- The problem -
Pictures excluded, output exactly the lines from the one containing "Mary Cassatt - Kinderen" through the last line of the listing below.
+ + + + +
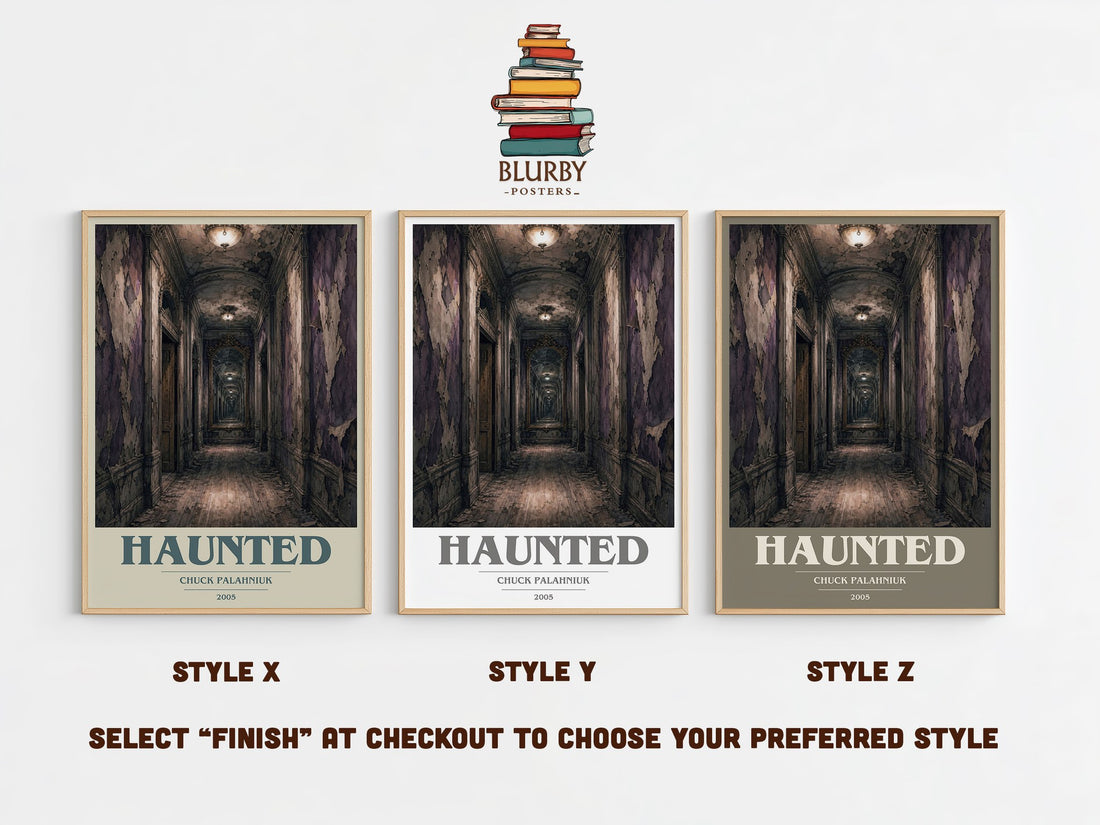 Haunted book cover print in frame leaning in hallway – horror wall art (mockup)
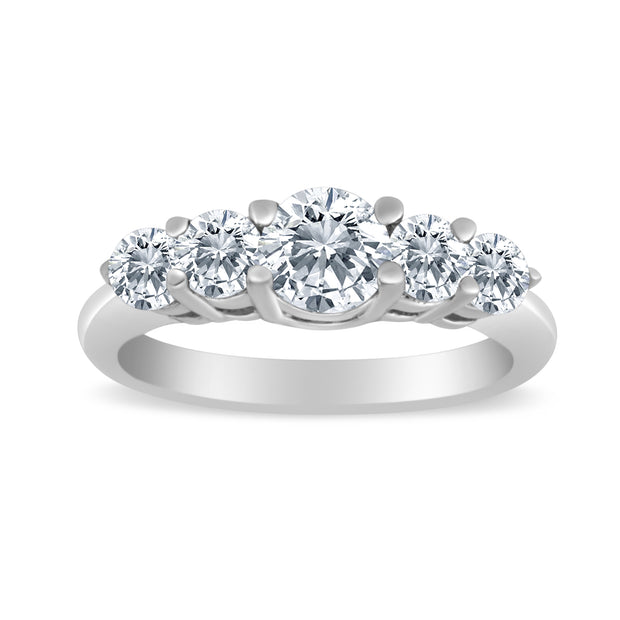 1/2ctw Diamond Five Stone Graduated Ring in 10K White Gold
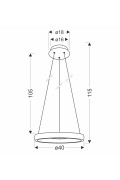 Hashim Lampa Wisząca 40Cm Złoty 22W Led Kryształki Bezbarwne Candellux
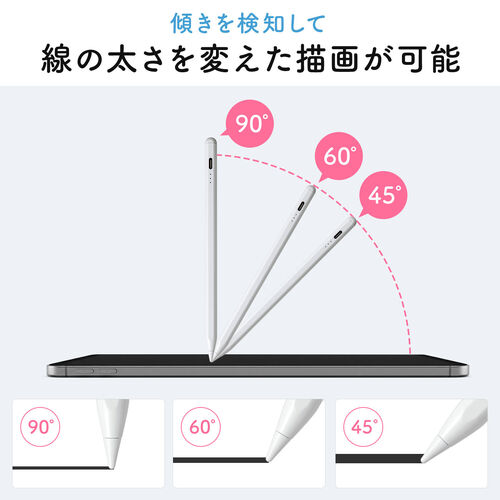 タッチペン（スタイラスペン・iPad専用・極細・充電式・パームリジェクション対応・傾き検知・USB・Type-C・Apple Pencil互換・2018年以降対応・ホワイト）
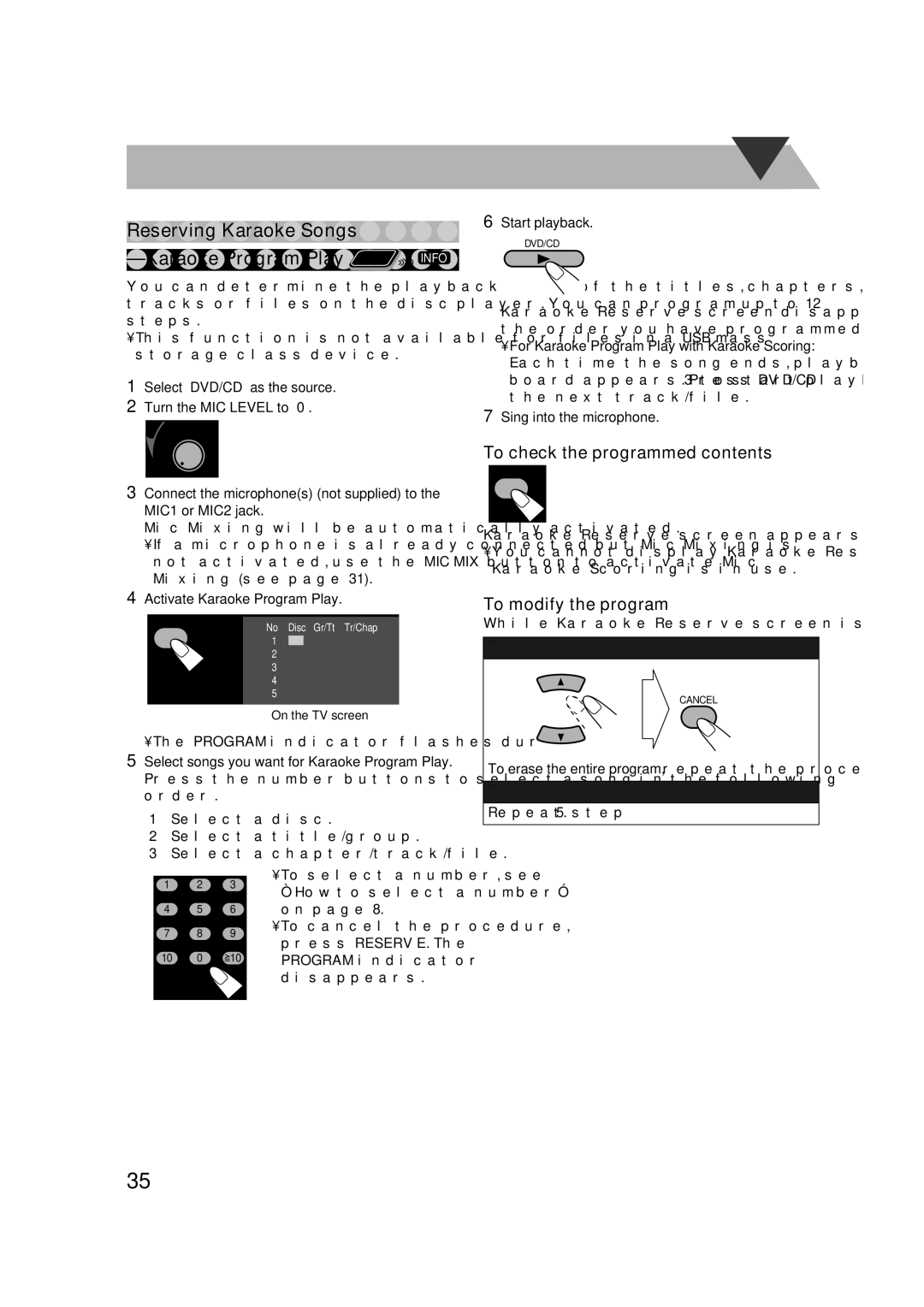 JVC CA-DXU10, CA-DXU8 manual Reserving Karaoke Songs, Karaoke Program Play 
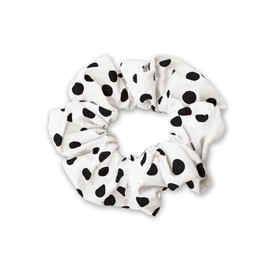 Soul-Cats Polka Dots Damen Haargummi Scrunchie Zopfgummi, weiß mit schwarzen Punkten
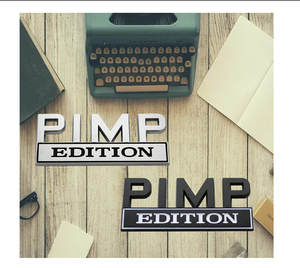 2 PIMP Edition Car Emblem Metal Adhesive Black & Chrome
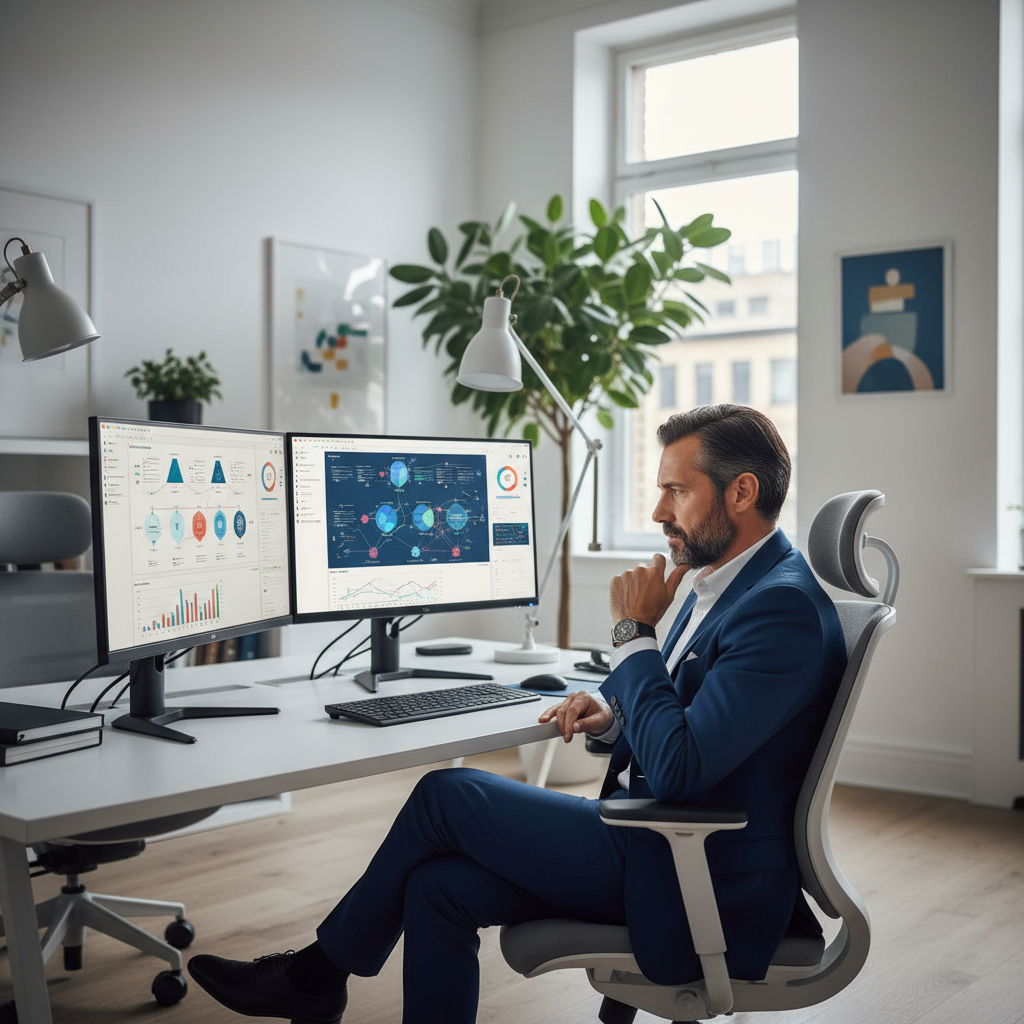 Reformista decidiendo entre dos opciones de software representado por interfaces diferentes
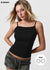 [B-BASIC] Basic Cotton Spandex Strap Square Neck Sleeveless (Built-in Cups) (2 SIZE)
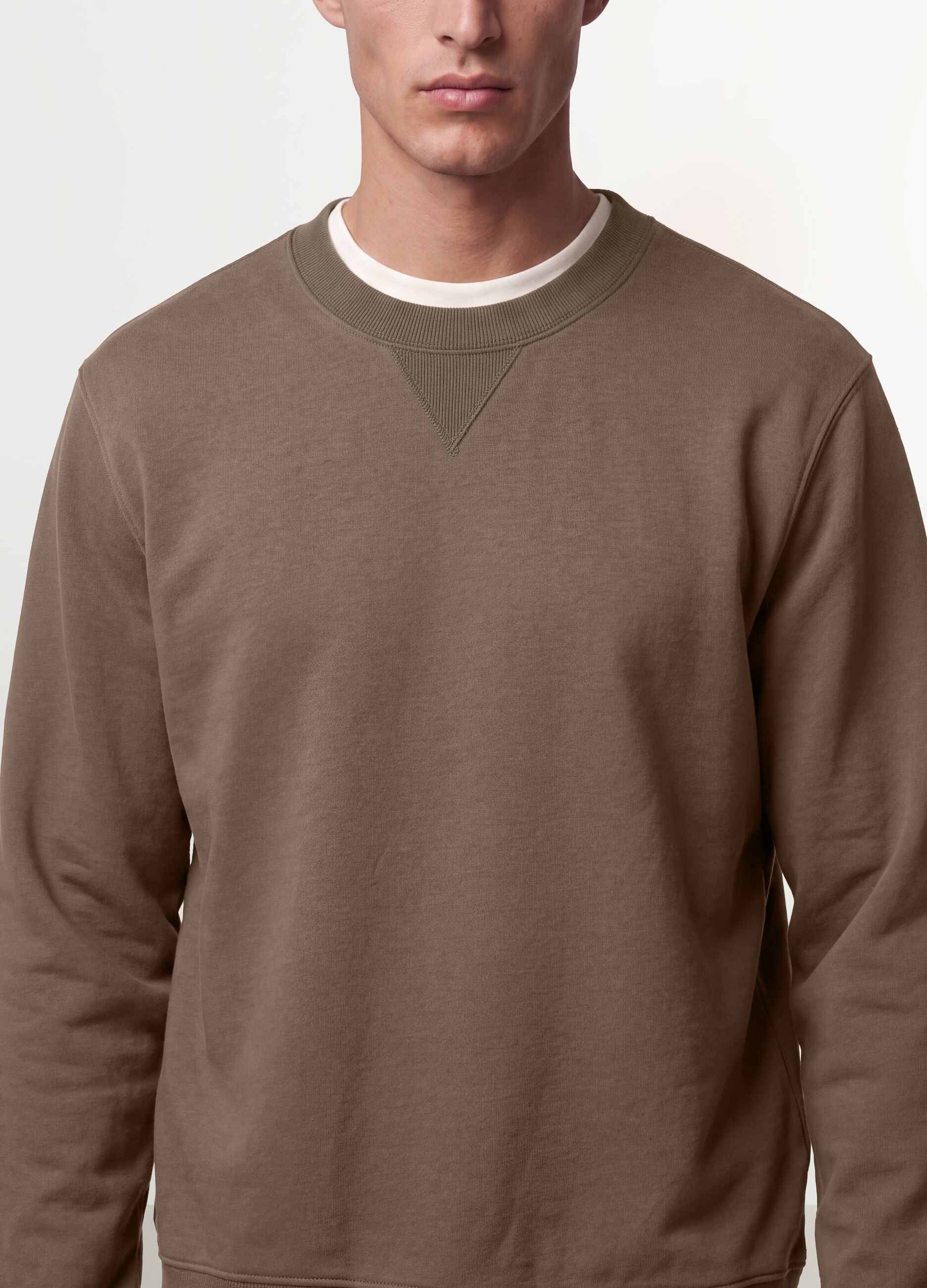 Grey crew-neck cotton-blend sweatshirt, regular fit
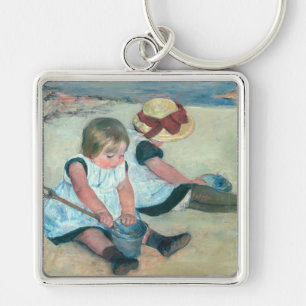 Mary Cassatt - Kinderen die op het strand spelen Sleutelhanger
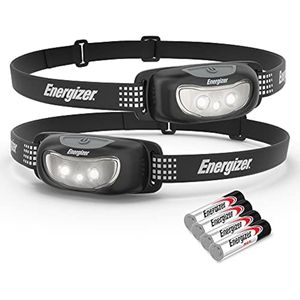 Energizer - Linterna frontal LED (2 unidades) Universal+, IPX4 resistente al agua, luz de cabeza de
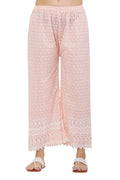 PAVONINE Peach Color Full Thread Chikankari Cotton Fabric Palazzo For Women
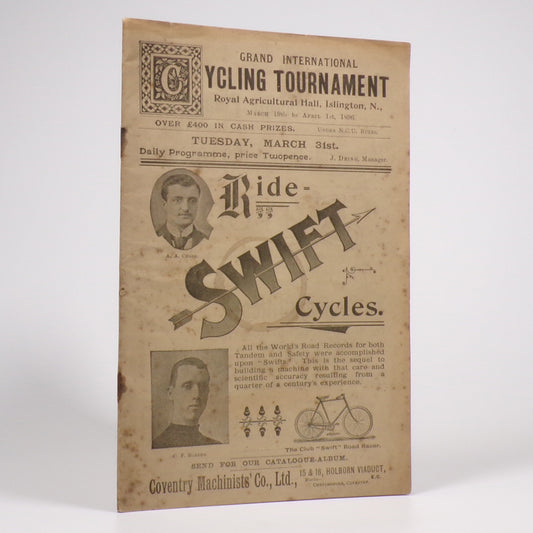 Grand International Cycling Tournament 1896 - Original Daily Programme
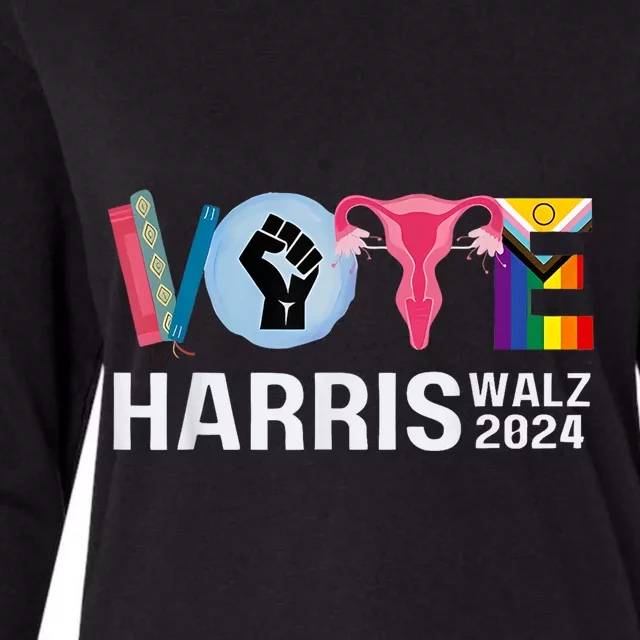 Harris Walz 24 Vote Books Lgbt Election Womens Cotton Relaxed Long Sleeve T-Shirt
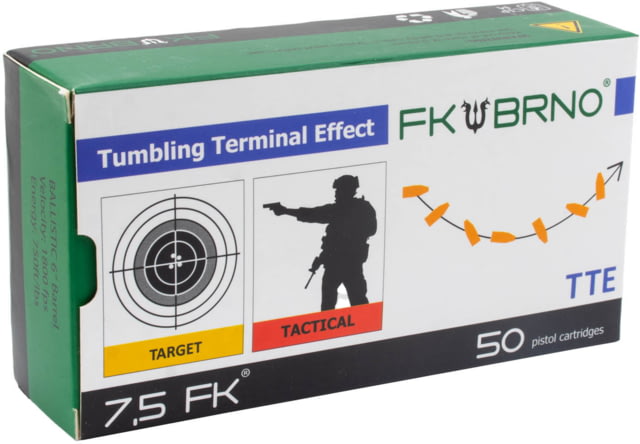 FK BRNO 7.5 F7 101 grain Spoon Tip Lead Free Pistol Ammo 50 Rounds - Fk Brno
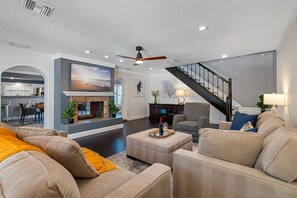 Smart TV, fireplace, video games, books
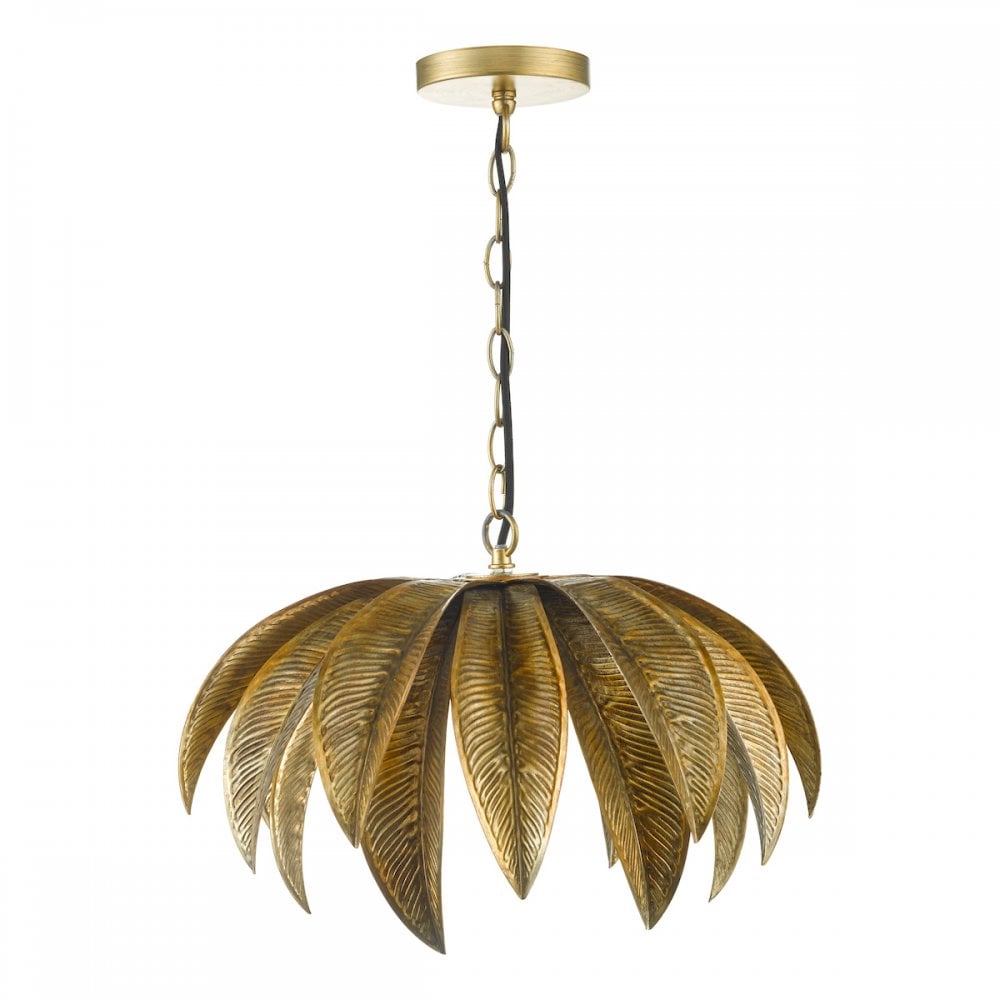 Dar CAR0135 Cara 1 Light Pendant Antique Gold (S)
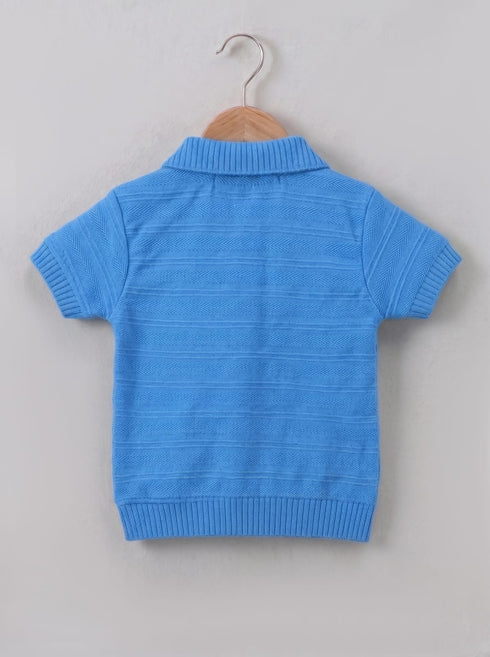 Jacquard Textured Polo Short Set (Blue)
+ + + + +
- Task answer -
 Mary Cassatt - Kinderen die op het strand spelen Sleutelhanger
 Energizer - Linterna frontal LED (2 unidades) Universal+, IPX4 resistente al agua, luz de cabeza de
 PAVONINE Peach Color Full Thread Chikankari Cotton Fabric Palazzo For Women
 Grand International Cycling Tournament 1896 - Original Daily Programme
 Harris Walz 24 Vote Books Lgbt Election Womens Cotton Relaxed Long Sleeve T-Shirt
 FK BRNO 7.5 F7 101 grain Spoon Tip Lead Free Pistol Ammo 50 Rounds - Fk Brno
 Smart TV, fireplace, video games, books
 Dar CAR0135 Cara 1 Light Pendant Antique Gold (S)
 Jacquard Textured Polo Short Set (Blue)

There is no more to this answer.